IP is the future but when?
While topics such as 800 MHZ interference, interoperability and Homeland Security created most of the buzz at the recent IWCE 2004 in Las Vegas, another topic that comparatively flew under the radar this year — Internet protocol — likely will be generating the buzz at future events.
Several vendors showcased new IP-based solutions, led by M/A-COM, which introduced its VIDA (voice, interoperability, data and access) solution that achieves interoperability between disparate radio networks by converting voice to packets and transmitting them over an IP backbone. In addition, Raytheon JPS Communications upgraded its interoperability solution — the ACU-1000 — by adding voice-over-IP and radio-over-IP components, while EFJohnson added VoIP to its Project 25-compliant Netelligent Infrastructure System.
They’re somewhat ahead of the curve, according to Harlin McEwen, chairman of the International Association of Chiefs of Police’s Communications & Technology Committee. While acknowledging that IP will “be a player in the future — no one would disagree with that,” McEwen said the platform has yet to develop to the point where it could be considered by public safety for mission-critical voice communications.
“Where it falls short is that you have a variety of choke points. When you’re dealing with [IP transmissions] going through several different servers and communications points, all of those are possible failure points,” McEwen said. “What we’re looking at now is, how are people going to build and engineer systems of the future to prevent that.”
Vendors already are rapidly improving on that shortcoming, according to Amalesh Sanku, vice president of marketing at EFJohnson.
“IP is still being developed; right now it’s not perfect or the technology it’s expected to be,” Sanku said. “But the maturity curve is so high up that I think we can start deploying these systems.”
Sanku said the problem with past IP networks is that they weren’t configured properly. “IP [today] is a distributed model. That means the control is not centralized; it’s distributed across a variety of different functions and points of contact. In a centralized model, which is what I think Chief McEwen is referring to, when a message comes in and the central server is down, you have a problem. In a distributed network, there is no single point of failure. That’s one of the advantages of IP.”
Sanku added that current IP networks also give voice packets “the highest priority” to address problems with latency and blockages that plagued earlier generations of the platform.

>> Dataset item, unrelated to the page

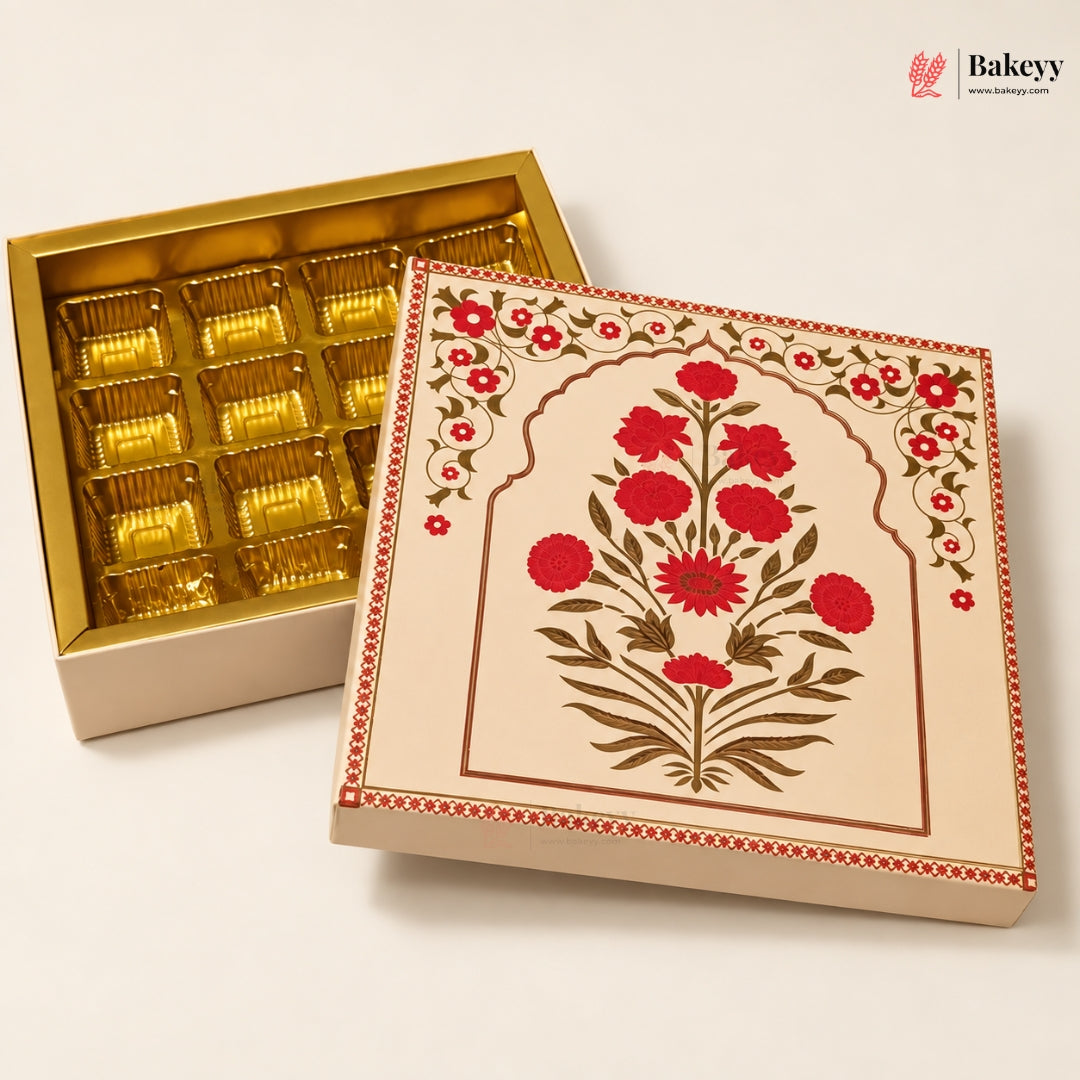 An open gold-plated chocolate box with multiple foil-wrapped chocolates inside, shown next to its decorated cream-colored lid featuring a red and green floral design. The Bakeey brand logo is visible in the top right corner.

While agreeing that IP has moved very quickly along the evolutionary curve, it’s going to be some time before IP-based technologies achieve widespread acceptance in the public-safety community, according to Roman Kaluta, manager of public-safety, interoperability for Raytheon JPS Communications.
“A lot of the fear of IP-based technologies is that the LMR people aren’t familiar with IP, and the IP people aren’t familiar with LMR,” said Kaluta, who is a retired lieutenant with the Alexandria, Va., police department. “It’s just going to take time for the two to converge. Now that you have people who are actually utilizing it, [others] are beginning to see the benefit.”
While IP adoption would benefit from more public-safety agencies getting past their fears to take a leap of faith on the technology, Kaluta believes industry vendors ultimately will have to lead first responders to the Promised Land.
“A lot of what public-safety is going to do is going to be dictated by what industry does,” he said. “If the big vendors start touting IP and start building IP-based radios, if they make a big investment, well, they are the biggest LMR dealers. Then that’s the way [this] will go.”
But Kaluta also said that LMR wouldn’t disappear overnight. “With the lifecycle of radio systems and where we are with radio today, I don’t see LMR disappearing, especially overnight. Usually the life expectancy of a radio system is 15 years, and it’s not unusual for budgetary reasons to push that to 20 to 25 years. So, given the costs that are involved, a wholesale replacement would be cost prohibitive.”